Be the first to hear about these and other trainings @USGRADEnet on twitter or at www.systematicreview.org.

Note: applications for scholarships to attend the upcoming GRADE Guideline Development Workshop, held virtually November 30 - December 2, 2022, close September 30. See application details here.

Standardized Mean Difference Estimates Can Vary Widely Depending on the Methods Used, New Review Finds

In meta-analyses of outcomes that utilize multiple scales of measurement, a standardized mean difference (SMD) may be used. Randomized controlled trials may also use SMDs to help interpret the effect size for readers. Most commonly, the SMD reports the effect size with Cohen's d, a metric of how many standard deviations are contained in the mean difference within or between groups (e.g., an intervention caused the outcome to increase or decrease by x number of standard deviations, or the two groups were x number of standard deviations different from one another with regards to the outcome). This is typically done by dividing the difference between groups, or from pretest to posttest in a single group, by some form of standard deviation (e.g., pooled standard deviation at baseline, posttest, or the standard deviation of change scores). Cohen's d is often utilized because a general rule of interpretation has been suggested: 0.2 is a small effect, 0.5 is a medium-sized effect, and 0.8 is large.

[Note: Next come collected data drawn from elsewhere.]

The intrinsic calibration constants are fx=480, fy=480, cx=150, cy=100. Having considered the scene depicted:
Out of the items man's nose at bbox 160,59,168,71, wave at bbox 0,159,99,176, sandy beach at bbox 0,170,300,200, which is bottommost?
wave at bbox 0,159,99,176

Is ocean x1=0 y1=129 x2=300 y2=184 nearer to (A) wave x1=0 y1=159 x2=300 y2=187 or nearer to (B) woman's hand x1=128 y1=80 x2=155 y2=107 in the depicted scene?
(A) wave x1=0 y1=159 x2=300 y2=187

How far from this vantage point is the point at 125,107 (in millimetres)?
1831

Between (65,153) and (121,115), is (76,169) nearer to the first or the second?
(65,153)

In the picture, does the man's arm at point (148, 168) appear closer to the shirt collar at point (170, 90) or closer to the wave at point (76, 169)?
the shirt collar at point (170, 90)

However, there are multiple ways to approach the calculation of SMDs, and these may result in varying interpretations of the size of the effect. To further investigate this, Luo and colleagues recently published a review of 161 articles using SMDs and the way they can be calculated. Of the 161 randomized controlled trials published since 2000 and reporting outcomes with some form of SMD, the authors calculated potential between-group SMDs using reported data and up to seven different methodological approaches.

Some studies reported more than one type of SMD, meaning that 171 total SMD approaches were reported across the 161 studies. Of these, 34 (19.9%) did not describe the chosen method at all, 84 (49.1%) reported but in insufficient detail, and 53 (31%) reported the approach in sufficient detail. The confidence interval was only reported for 52 (30.4%) of SMDs. Of the 161 individual articles, the rule for interpretation was clearly stated in only 28 (17.4%). 

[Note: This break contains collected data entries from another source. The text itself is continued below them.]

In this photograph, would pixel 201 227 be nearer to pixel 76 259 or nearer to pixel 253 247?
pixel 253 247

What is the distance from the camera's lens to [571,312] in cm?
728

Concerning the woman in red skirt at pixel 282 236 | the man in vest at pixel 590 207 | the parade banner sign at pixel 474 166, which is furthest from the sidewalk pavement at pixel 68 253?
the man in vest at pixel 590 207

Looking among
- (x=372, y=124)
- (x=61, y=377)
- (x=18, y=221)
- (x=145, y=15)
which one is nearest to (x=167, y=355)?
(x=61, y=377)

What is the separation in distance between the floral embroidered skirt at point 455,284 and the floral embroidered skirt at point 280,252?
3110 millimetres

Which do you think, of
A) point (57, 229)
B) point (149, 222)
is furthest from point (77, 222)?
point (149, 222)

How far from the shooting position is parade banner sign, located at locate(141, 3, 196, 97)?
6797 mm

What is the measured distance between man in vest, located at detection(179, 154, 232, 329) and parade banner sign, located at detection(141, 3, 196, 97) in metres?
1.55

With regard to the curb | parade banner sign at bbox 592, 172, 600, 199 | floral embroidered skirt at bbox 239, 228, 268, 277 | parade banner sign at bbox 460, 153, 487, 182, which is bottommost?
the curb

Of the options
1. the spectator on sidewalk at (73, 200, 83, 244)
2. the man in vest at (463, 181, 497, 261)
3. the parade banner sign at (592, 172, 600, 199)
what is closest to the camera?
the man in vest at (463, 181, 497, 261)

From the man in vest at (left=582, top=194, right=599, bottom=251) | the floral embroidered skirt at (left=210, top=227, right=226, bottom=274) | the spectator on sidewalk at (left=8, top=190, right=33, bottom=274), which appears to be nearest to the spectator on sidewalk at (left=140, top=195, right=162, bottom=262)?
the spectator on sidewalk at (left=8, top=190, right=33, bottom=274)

The most common method of calculating SMD was using a standard deviation of baseline scores, seen in 70 (40.9%) of studies. Meanwhile, 30 (17.5%) used posttest standard deviations and 43 (25.1%) used the standard deviation of change scores.

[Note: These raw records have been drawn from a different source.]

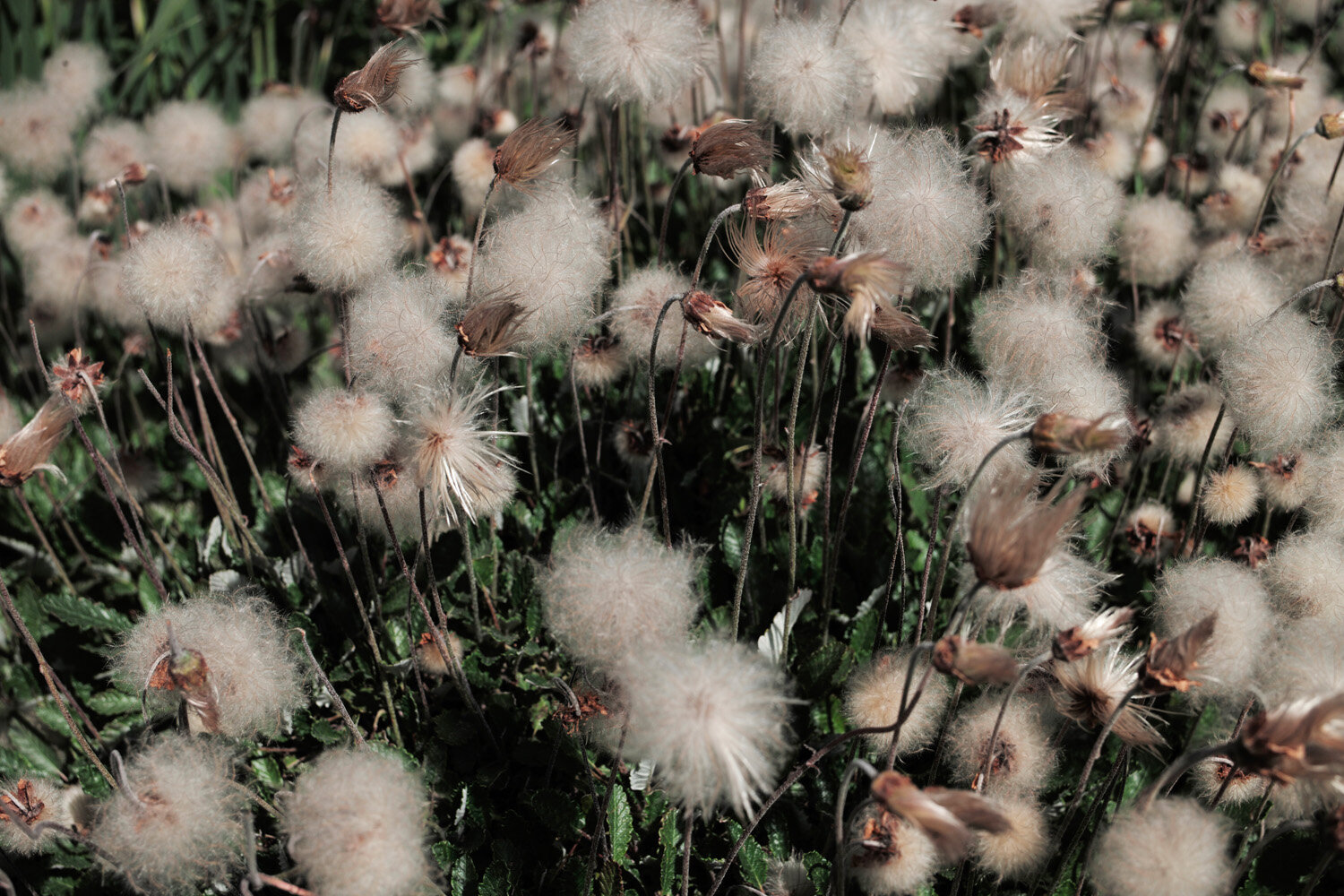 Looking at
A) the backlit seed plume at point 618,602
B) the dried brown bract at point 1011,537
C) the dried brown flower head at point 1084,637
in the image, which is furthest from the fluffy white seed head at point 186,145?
the dried brown flower head at point 1084,637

Figure displaying the variability of SMD estimates across 161 included studies. Click to enlarge.

Of all the potential ways to calculate SMD, the median article varied by 0.3 - which could potentially be the difference between a "small" and "moderate" or "between a "moderate" and "large effect size for Cohen's d using Cohen's suggested rule of thumb. The studies with the largest variation tended to have smaller sample sizes and greater reported effect sizes.

This work raises an important point, which is that while no one method for the calculation of SMDs is considered superior to another, if calculation approaches are not prespecified by researchers, different methods could be tried until the most impressive effect size is reached. To help prevent these issues, the authors suggest prespecifying the analytical approach and reporting SMDs together with raw mean differences and standard deviations to further aid interpretation and provide context. 

Luo, Y., Funada, S., Yoshida, K., et al. (2022). Large variation existed in standardized mean difference estimates using different calculation methods in clinical trials. J Clin Epidemiol 149: 89-97. Manuscript available at the publisher's website here.